• _Exercise description_:
In the material below, find the line containing "Your initial backlog" and the line containing "Then press Options, go". Output those two lines and all lines between them exactly, without pictures.

• _Data provided_:
Content starts
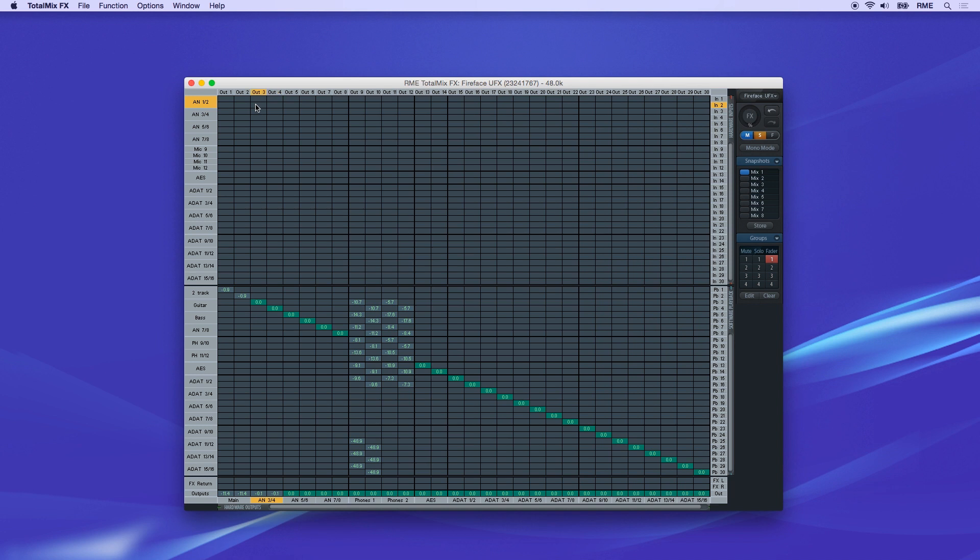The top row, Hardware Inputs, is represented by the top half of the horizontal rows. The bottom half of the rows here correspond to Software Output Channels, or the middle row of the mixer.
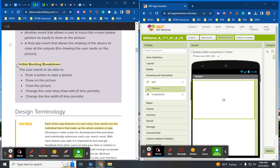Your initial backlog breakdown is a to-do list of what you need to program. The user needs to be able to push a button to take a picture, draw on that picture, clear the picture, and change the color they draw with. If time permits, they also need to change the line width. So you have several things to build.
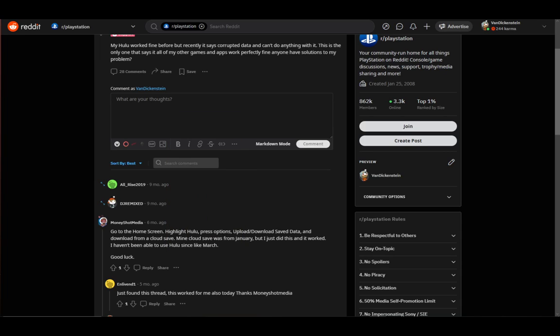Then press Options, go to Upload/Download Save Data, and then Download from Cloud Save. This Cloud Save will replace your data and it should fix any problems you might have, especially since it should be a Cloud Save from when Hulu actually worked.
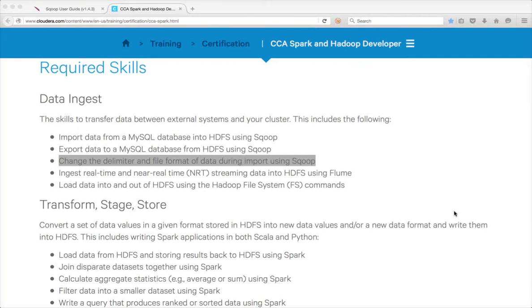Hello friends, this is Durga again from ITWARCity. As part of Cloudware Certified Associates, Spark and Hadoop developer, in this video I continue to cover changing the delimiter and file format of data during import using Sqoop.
Content ends
• _Result for this task_:
Your initial backlog breakdown is a to-do list of what you need to program. The user needs to be able to push a button to take a picture, draw on that picture, clear the picture, and change the color they draw with. If time permits, they also need to change the line width. So you have several things to build.
Then press Options, go to Upload/Download Save Data, and then Download from Cloud Save. This Cloud Save will replace your data and it should fix any problems you might have, especially since it should be a Cloud Save from when Hulu actually worked.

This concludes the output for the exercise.